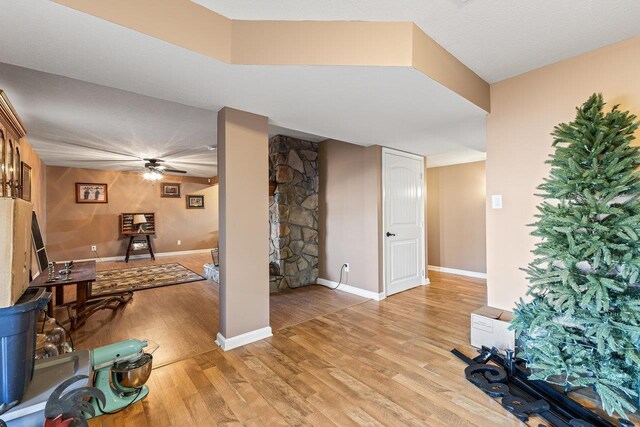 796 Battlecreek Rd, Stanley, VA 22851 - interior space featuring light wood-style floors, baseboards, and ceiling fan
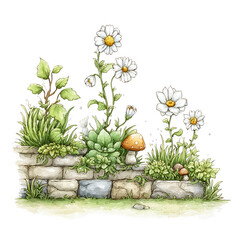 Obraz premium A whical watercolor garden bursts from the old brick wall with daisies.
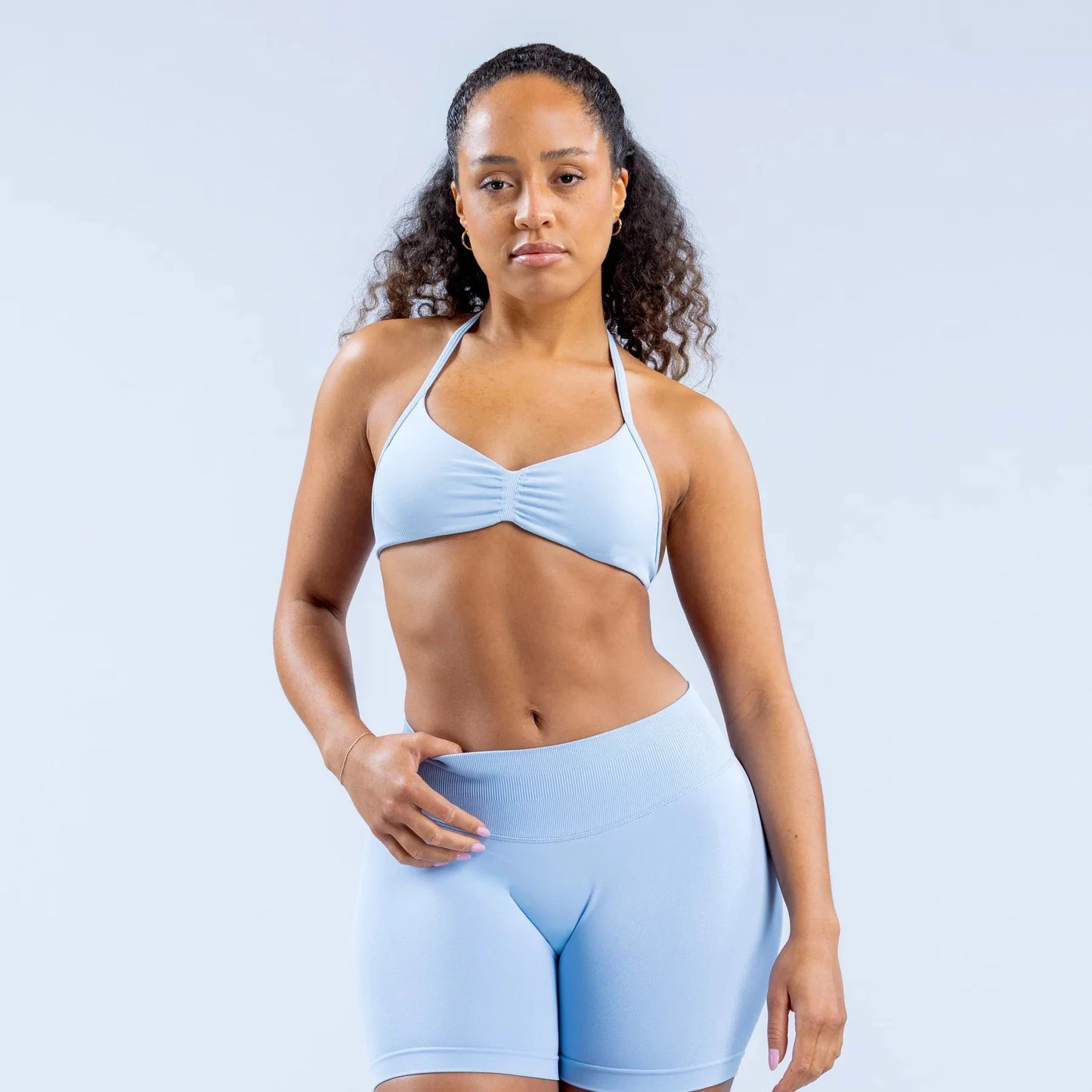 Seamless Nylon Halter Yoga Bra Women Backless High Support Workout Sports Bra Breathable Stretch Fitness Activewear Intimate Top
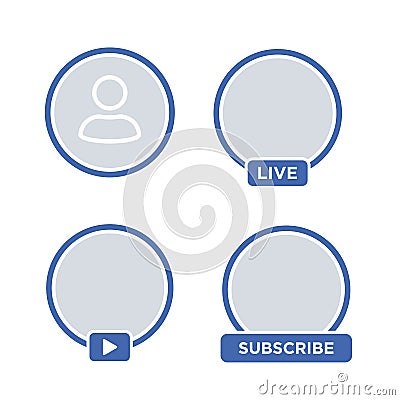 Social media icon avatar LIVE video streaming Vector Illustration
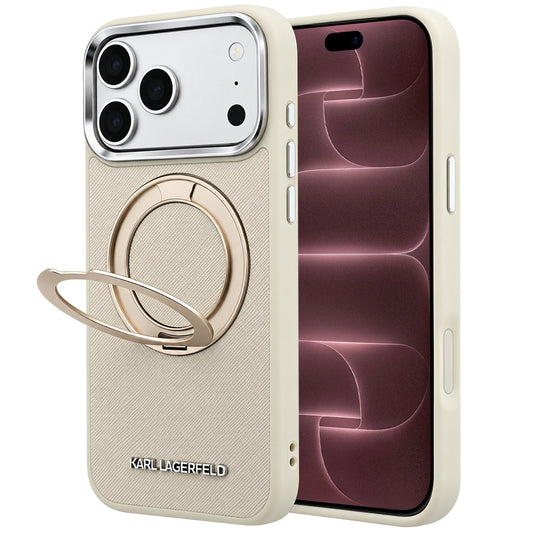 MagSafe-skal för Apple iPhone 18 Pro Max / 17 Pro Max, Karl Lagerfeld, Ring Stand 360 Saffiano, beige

.....

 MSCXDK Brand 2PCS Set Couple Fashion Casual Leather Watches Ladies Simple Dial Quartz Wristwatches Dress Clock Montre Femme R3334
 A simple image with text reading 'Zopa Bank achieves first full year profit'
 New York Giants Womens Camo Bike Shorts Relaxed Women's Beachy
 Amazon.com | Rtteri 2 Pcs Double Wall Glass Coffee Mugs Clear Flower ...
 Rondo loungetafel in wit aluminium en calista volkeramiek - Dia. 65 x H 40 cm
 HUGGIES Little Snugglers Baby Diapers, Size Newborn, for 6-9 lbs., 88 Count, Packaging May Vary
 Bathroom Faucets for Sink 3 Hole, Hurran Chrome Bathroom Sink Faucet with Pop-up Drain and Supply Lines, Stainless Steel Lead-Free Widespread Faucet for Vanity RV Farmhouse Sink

.....

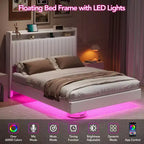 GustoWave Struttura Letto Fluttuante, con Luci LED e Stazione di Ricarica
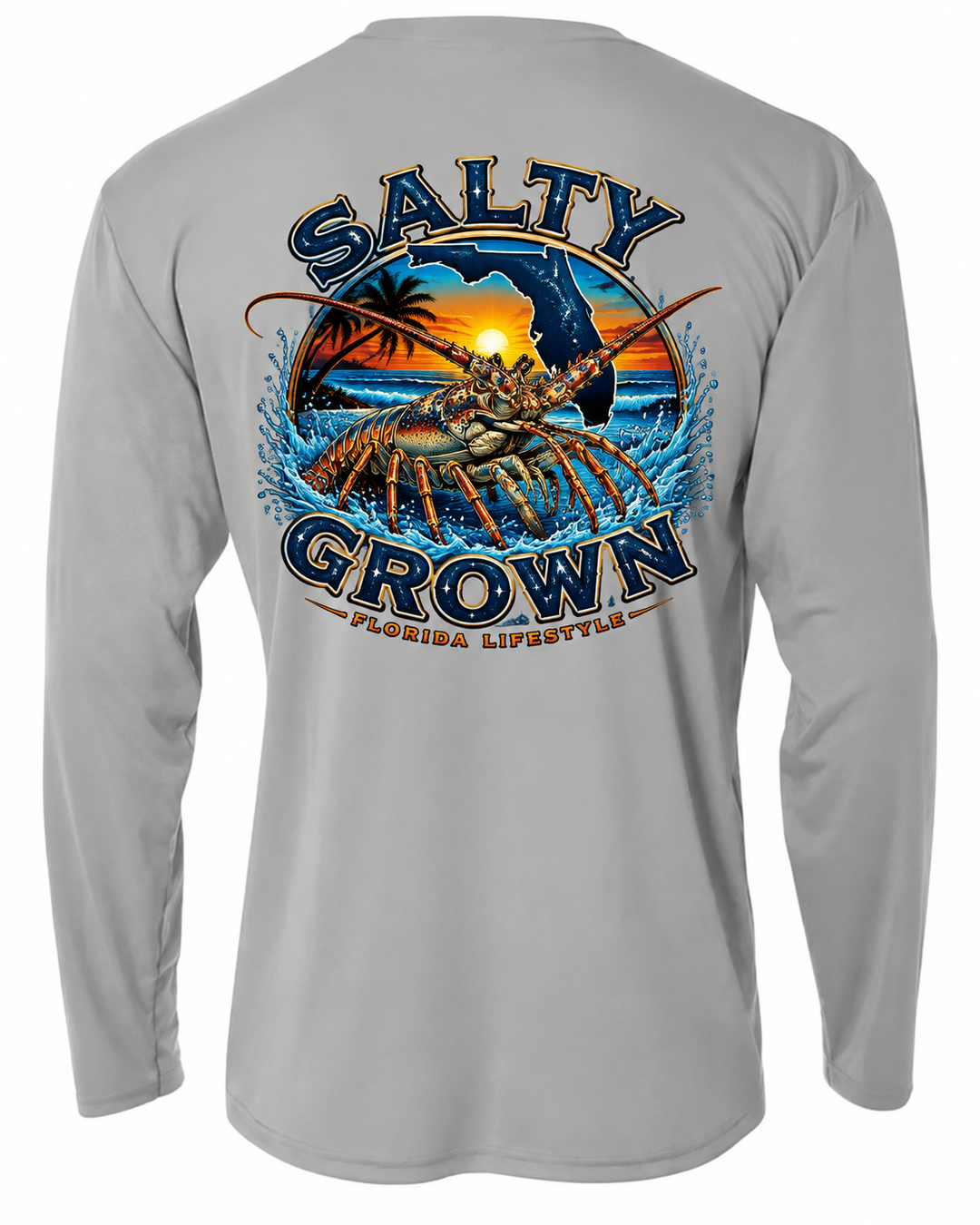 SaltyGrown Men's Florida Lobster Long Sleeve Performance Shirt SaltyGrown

.....

Aim of the task: Would you write out exactly the lines above, starting at the line containing "Seamless Nylon Halter" and stopping after the line containing "MagSafe-skal för Apple"? Omit the pictures.

Result:
 Seamless Nylon Halter Yoga Bra Women Backless High Support Workout Sports Bra Breathable Stretch Fitness Activewear Intimate Top
 Social media icon avatar LIVE video streaming Vector Illustration
 MagSafe-skal för Apple iPhone 18 Pro Max / 17 Pro Max, Karl Lagerfeld, Ring Stand 360 Saffiano, beige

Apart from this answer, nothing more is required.